## Exercise goal:
From start to finish, set down the entries below exactly, leaving out the pictures.

##### Data #####

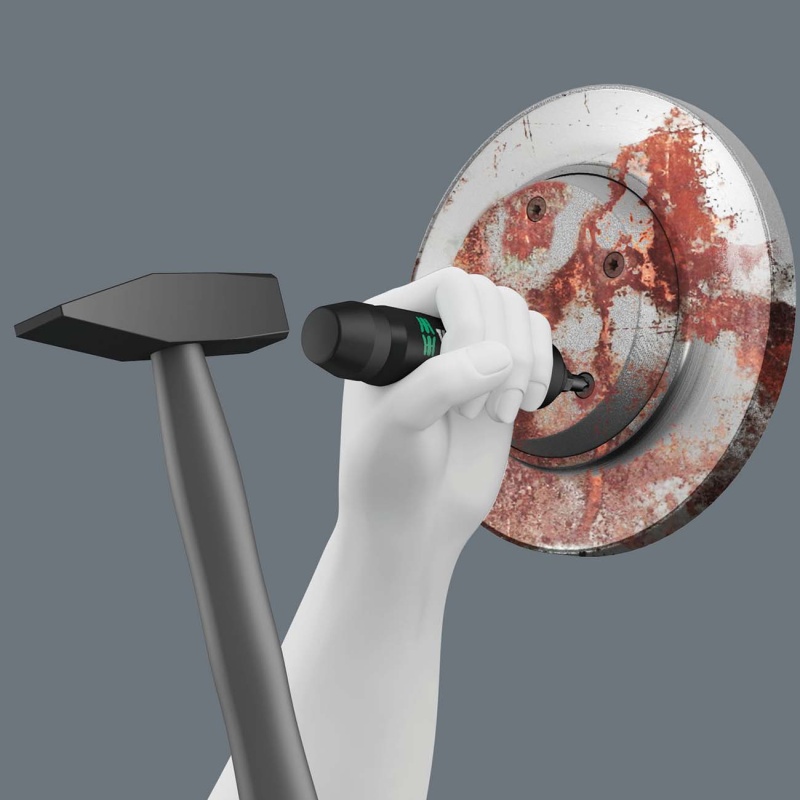 Product thumbnail 6
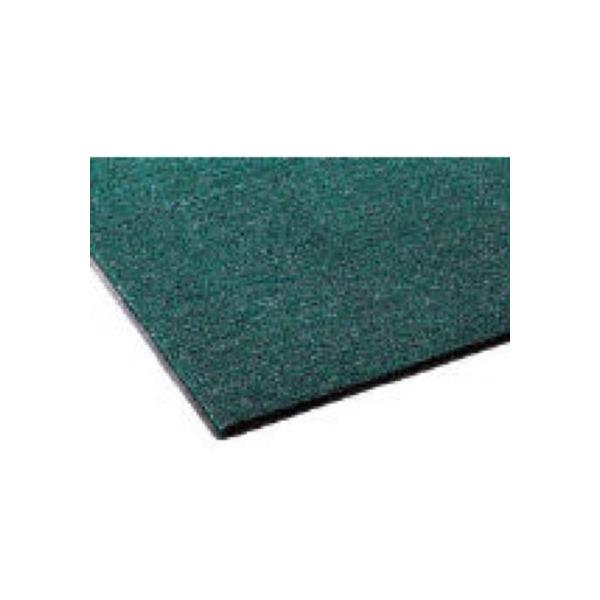 �R��Y�ƃj���[�z���}�b�g#15900mm×1500mm�O���[��F-176-15-G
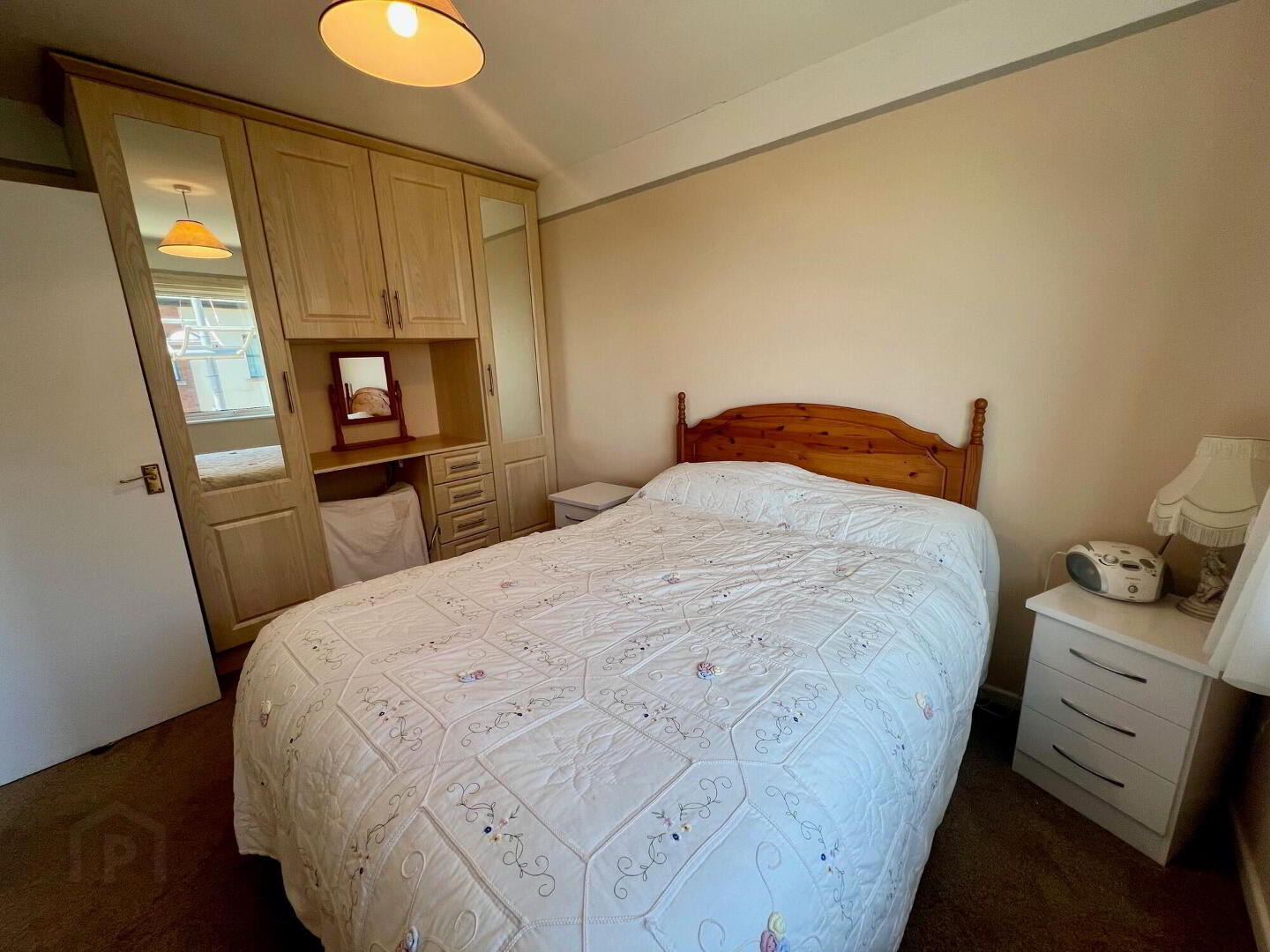 3 Castlebridge Court 14 of 19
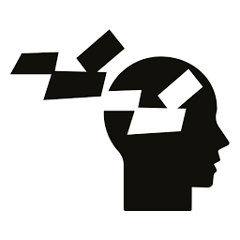 NewTom Logo
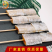 厂家直供东海烧烤带鱼串
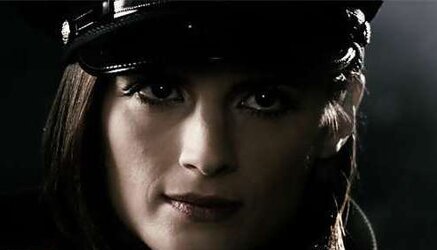 Stana Katic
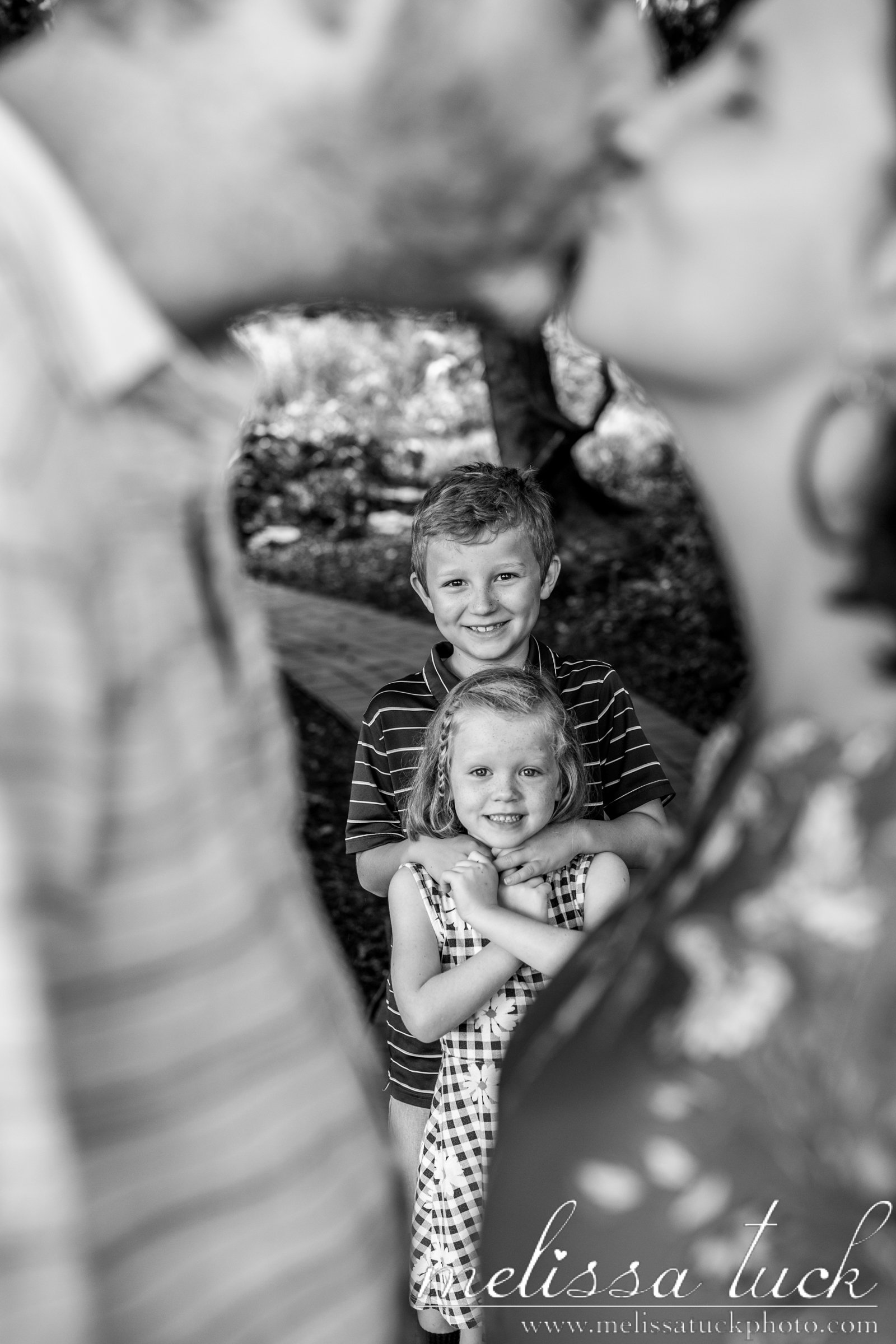 2022-0822-RaleighNC-family-photographer-blog-13.jpg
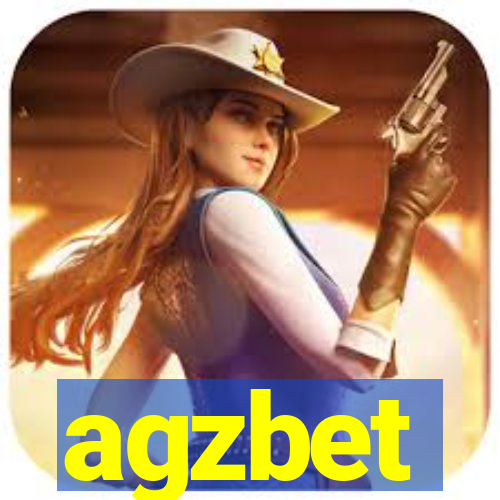 agzbet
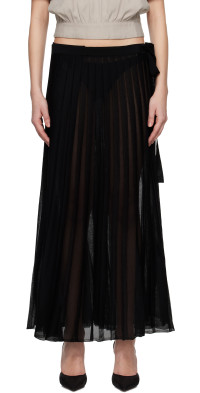 Shop New Arrivals - Women's Clothing, Shoes & Accessories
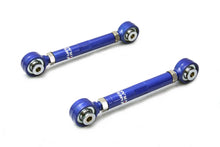 Load image into Gallery viewer, Rear Toe Control Arms for Mazda RX-7 93-97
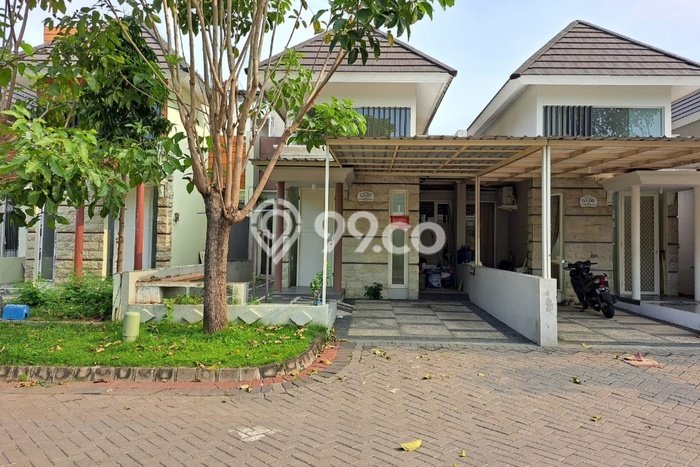 Jual Rumah Strategis Bagus Punya 2 KT di Sidoarjo Sidoarjo SHM Jual Rumah Strategis Bagus Punya 2 KT di Sidoarjo Sidoarjo SHM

#####

## Response:
 Product thumbnail 6
 �R��Y�ƃj���[�z���}�b�g#15900mm×1500mm�O���[��F-176-15-G
 3 Castlebridge Court 14 of 19
 NewTom Logo
 厂家直供东海烧烤带鱼串
 Stana Katic
 2022-0822-RaleighNC-family-photographer-blog-13.jpg
 agzbet
 Shop New Arrivals - Women's Clothing, Shoes & Accessories
 Load image into Gallery viewer, Rear Toe Control Arms for Mazda RX-7 93-97
 Jual Rumah Strategis Bagus Punya 2 KT di Sidoarjo Sidoarjo SHM Jual Rumah Strategis Bagus Punya 2 KT di Sidoarjo Sidoarjo SHM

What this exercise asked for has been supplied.